Exercise directions » I'd like the entire listing output verbatim, apart from the pictures.

Supplied information »
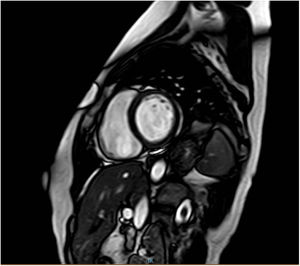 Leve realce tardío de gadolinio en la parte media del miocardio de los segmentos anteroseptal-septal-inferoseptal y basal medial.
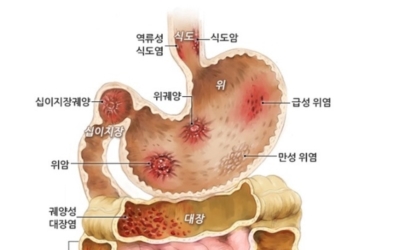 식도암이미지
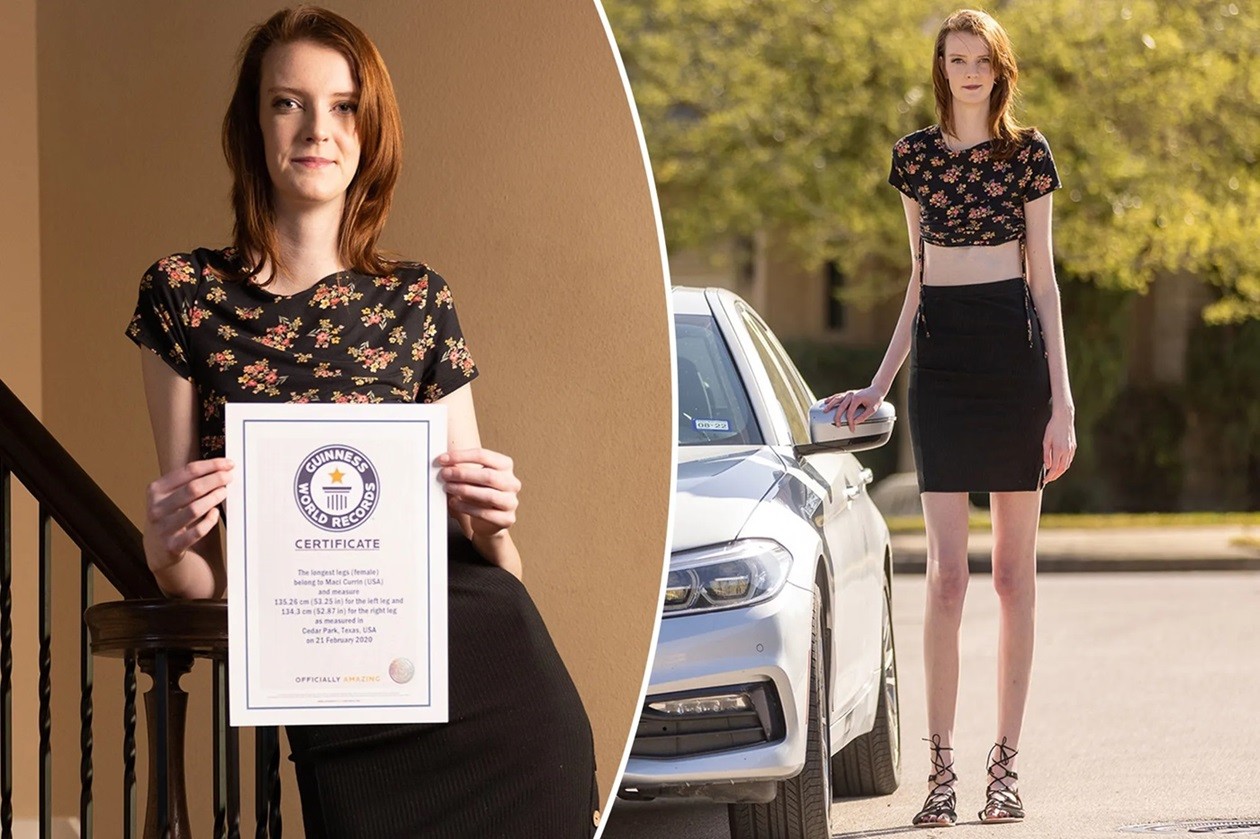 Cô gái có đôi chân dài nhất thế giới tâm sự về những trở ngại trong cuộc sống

Expected output »
 Leve realce tardío de gadolinio en la parte media del miocardio de los segmentos anteroseptal-septal-inferoseptal y basal medial.
 식도암이미지
 Cô gái có đôi chân dài nhất thế giới tâm sự về những trở ngại trong cuộc sống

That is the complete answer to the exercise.